Partition camping ?

Can anybody shed some more light on this concept of partition camping…

http://cs.anu.edu.au/systems/GPUWksp/PDFs/…ngCUDA_full.pdf

Effective Bandwidth (GB/s), 2048x2048, GTX 280
Simple Copy : 96.9
Shared Memory Copy : 80.9
Naïve Transpose : 2.2
Coalesced Transpose : 16.5
Bank Conflict Free Transpose : 16.6
Diagonal : 69.5 :o

It seems to be logical, going by the description but…
the results reported here are reproducable only for the mentioned configuration and only on the tesla 1060…
can anyone else confirm that… (different config/device ??)

thanks…

Alex Dubinsky did some interesting work optimizing memory bandwidth, and posted some results here. Bottom line: spread the accesses evenly among the channels (partitions) to maximize throughput.

Hi there,

I came up against this issue when writing some code that accessed a matrix in a block-columnwise manner. Runtimes changed by over a factor of two for certain matrix sizes even though all memory operations were coalesced, and different cards had the slowdowns for different matrix sizes corresponding to the width of their memory interface. Changing the code to act in a block-rowwise manner mitigated the effect.

See the discussion in this thread.

Best,
Steven.

Hi steven.

thanks a lot for that, this exactly the problem I was stuck up with - optimal memory access patterns for global memory.

But, I guess the basic thing that has to be done is to make sure that multiple threads do not access the same memory partition simultaneously, in that case i presume the accesses are serialized (causing the slowdown…). but, the memroy architecture is different for different cards and so coing up with a genric solution to avoid this - is not that easy. In my kernel i used the diagonlize-ordered access, this makes sure that both simultaneous reads and write of teh multuiple threads happen acrros the different partitions.

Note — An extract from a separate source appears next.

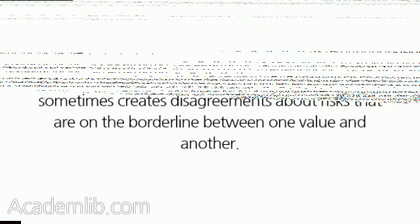This number for severity should give us plenty of information for ranking the risks. Using the high, medium, and low version sometimes creates disagreements about risks that are on the borderline between one value and another. For example, does this risk have an impact of medium or high when it is close to the border between the two values?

But, even with this I was not able to see the improvement in - certain cards (tesla c870) but in case of the c1060 this solwdown is greatly mitigated. I was hoping someone could also confirm this and maybe explain to why this is happening. This can be clearly seen, in the diagonlized transpose code (available at the link in the above post) when used on the c870, if anyone could check it out it would be great :thumbup:

But, suprsingly there is no mention of this issue in any of the NVIDIA literature or even the programming guide. It would be great if NVIDIA could include this in theri next version, taht would relive us of this guess-work… :rolleyes:

thanks…

Thanks for posting. I too can confirm this. Simply changing a grid size from (64 x 1024) to (1024 x 64) increased performance for me by a factor of 2.5 for a particular kernel on the Tesla C1060. Block-columnwise vs. block-row wise does make a difference! All the multiprocessors are trying to access the same global memory partition in the block-columnwise implementation. This “partition camping” problem is worse for GPU with a large number of multiprocessors (e.g. Tesla).

Partition camping was almost negligible for the GT 240 for this particular kernel.

Moral of the story: arrange your thread blocks in a row-wise manner.

Its very much the same issue as with your common bank conflicts in shared memory.

TransposeNew in the SDK has som great documentation on it.